### TASK TO CARRY OUT
An exact copy of every line from the one holding "Crunchips Xcut Chilli" to the end of the entries below is required; leave the pictures out.

### SOURCE RECORDS

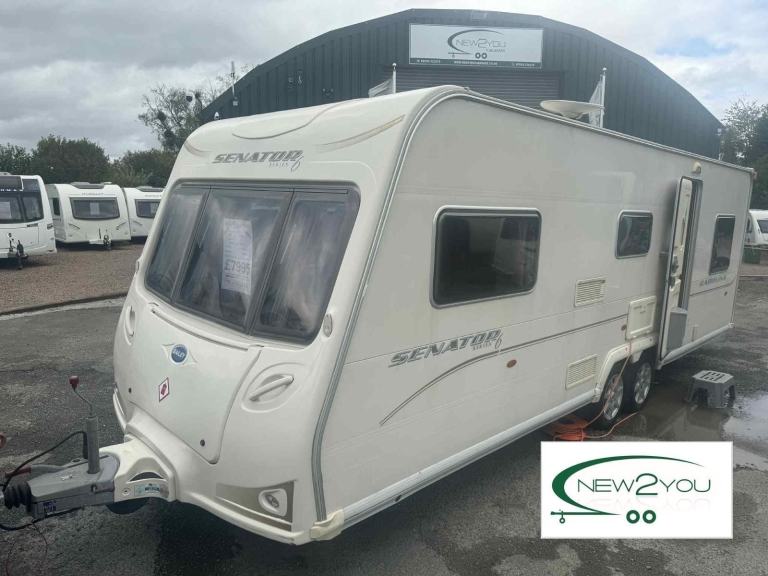 2008 Bailey Senator Carolina 6 Berth Twin Axle FIXED BUNKS Caravan -STOCK E213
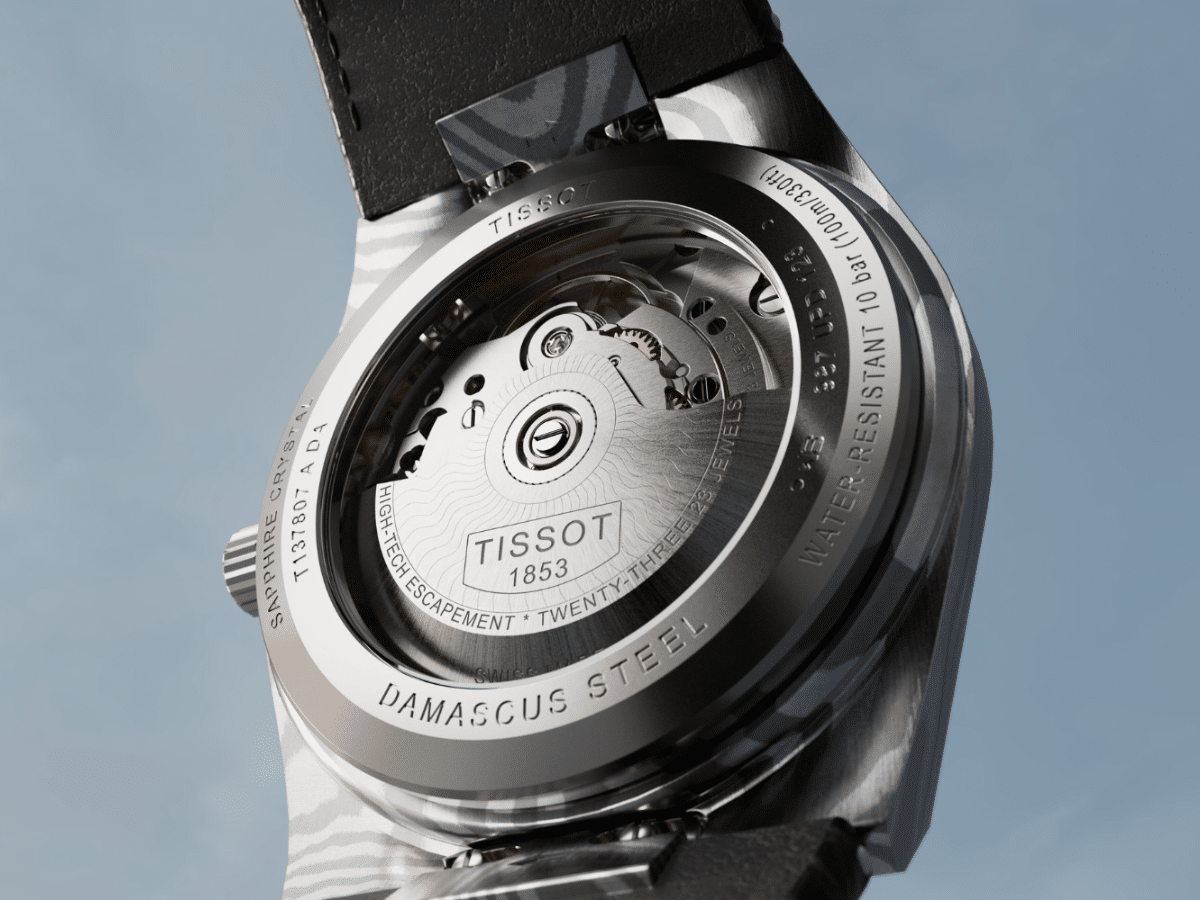 Tissot PRX Damascus Steel 38mm | Image: Tissot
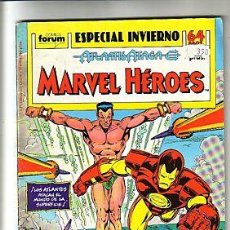 Cómics: MARVEL HEROES FORUM ESPECIAL INVIERNO 1989. Lote 18520513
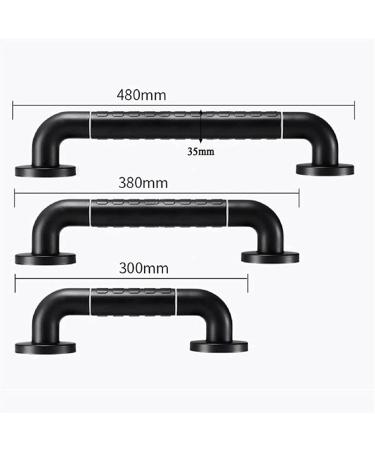 Black Shower Grab Bars Bathroom Shower Grab Bars Bath Shower Handrail Safety Bar - Buy Online on GoSupps.com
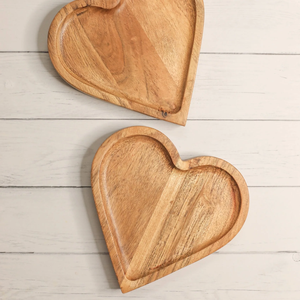 Wholesale Wooden Heart <b>Plate</b> Handcrafted from Premium Quality Wood for Valentine Table Decor Made in Vietnam - Product Image 2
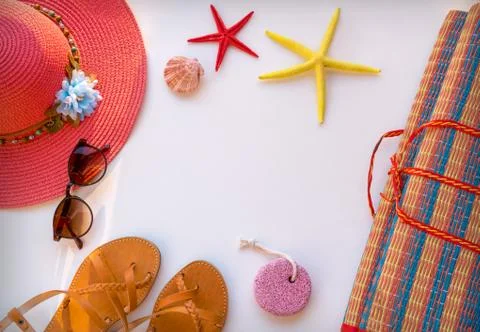 Items for travel Stock Photos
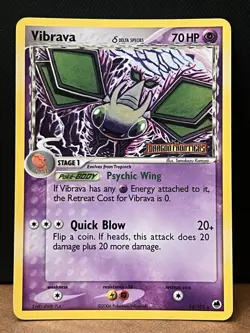 Pokemon TCG Vibrava Reverse Holo 24/101 Rare Ex Dragon Frontiers NM - Image 1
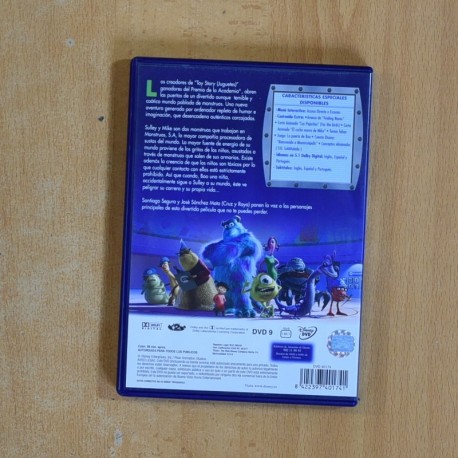 MONSTRUOS SA - DVD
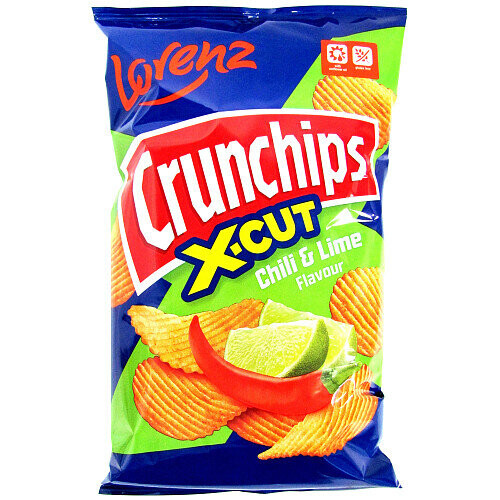 Crunchips Xcut Chilli & Lime 75g (Pack of 12) 1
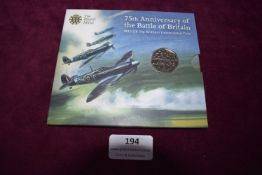 Royal Mint 2015 75th Anniversary of the Battle of Britain 50p Brilliant Uncirculated Coin – An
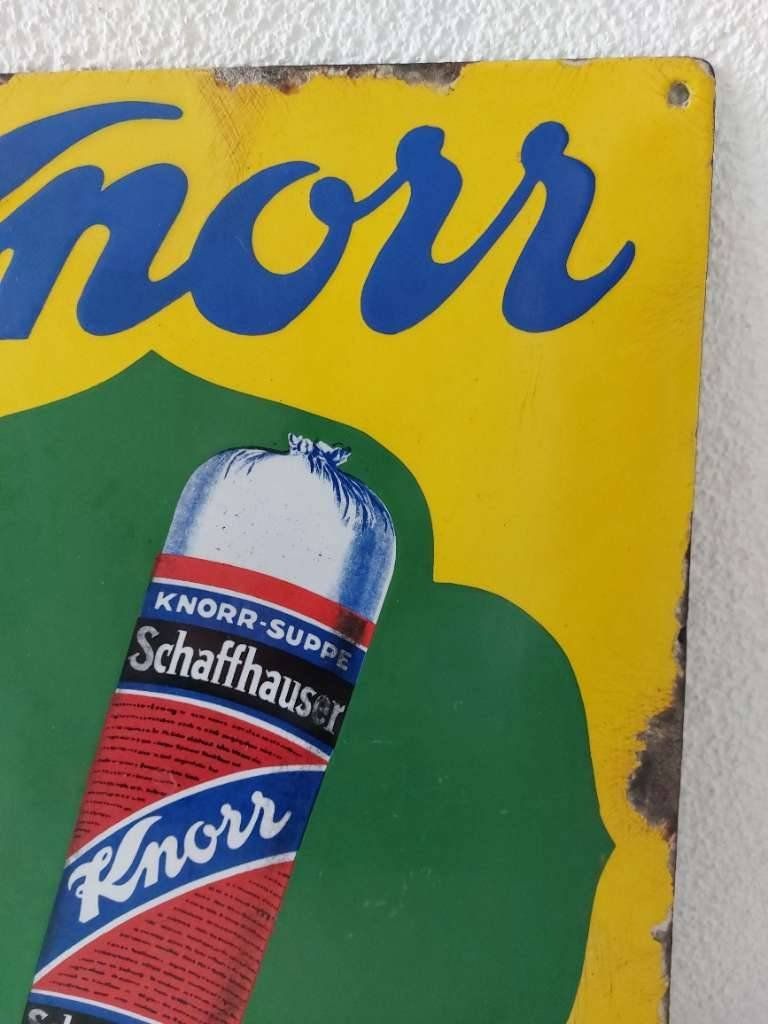 Knorr Insegne: Emailschild Knorr Suppn Erbswurst plaque émaillée – Usato da Schenkon venduto da Elbarto007 5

### SOLUTION
 Crunchips Xcut Chilli & Lime 75g (Pack of 12) 1
 Royal Mint 2015 75th Anniversary of the Battle of Britain 50p Brilliant Uncirculated Coin – An
 Knorr Insegne: Emailschild Knorr Suppn Erbswurst plaque émaillée – Usato da Schenkon venduto da Elbarto007 5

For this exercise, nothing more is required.